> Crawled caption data
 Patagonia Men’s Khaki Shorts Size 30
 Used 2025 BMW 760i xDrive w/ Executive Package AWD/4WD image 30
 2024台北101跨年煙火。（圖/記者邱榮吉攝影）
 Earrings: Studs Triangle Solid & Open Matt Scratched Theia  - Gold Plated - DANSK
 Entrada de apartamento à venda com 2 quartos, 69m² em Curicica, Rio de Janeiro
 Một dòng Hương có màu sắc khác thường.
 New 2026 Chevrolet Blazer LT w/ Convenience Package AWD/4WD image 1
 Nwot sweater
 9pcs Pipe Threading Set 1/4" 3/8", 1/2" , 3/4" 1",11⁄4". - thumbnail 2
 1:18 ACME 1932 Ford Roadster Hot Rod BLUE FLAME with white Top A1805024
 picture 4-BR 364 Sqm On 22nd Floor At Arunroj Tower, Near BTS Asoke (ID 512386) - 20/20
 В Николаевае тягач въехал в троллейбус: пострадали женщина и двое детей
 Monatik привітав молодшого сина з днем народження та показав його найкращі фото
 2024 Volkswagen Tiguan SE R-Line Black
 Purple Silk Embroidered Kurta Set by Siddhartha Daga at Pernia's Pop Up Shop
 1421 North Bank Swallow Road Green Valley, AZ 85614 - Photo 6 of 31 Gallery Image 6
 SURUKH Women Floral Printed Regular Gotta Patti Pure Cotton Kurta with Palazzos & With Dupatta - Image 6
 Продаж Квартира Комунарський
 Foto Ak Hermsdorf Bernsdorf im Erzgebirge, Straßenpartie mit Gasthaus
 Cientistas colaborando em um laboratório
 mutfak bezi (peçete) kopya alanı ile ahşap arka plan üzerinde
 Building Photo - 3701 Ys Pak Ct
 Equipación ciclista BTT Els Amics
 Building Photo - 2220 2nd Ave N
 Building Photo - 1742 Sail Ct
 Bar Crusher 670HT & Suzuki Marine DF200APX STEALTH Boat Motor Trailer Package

> What to produce
Give back, unchanged, the line containing "Equipación ciclista BTT Els Amics" and each line that comes after it in the entries above, ending with the last.

> Task response
 Equipación ciclista BTT Els Amics
 Building Photo - 2220 2nd Ave N
 Building Photo - 1742 Sail Ct
 Bar Crusher 670HT & Suzuki Marine DF200APX STEALTH Boat Motor Trailer Package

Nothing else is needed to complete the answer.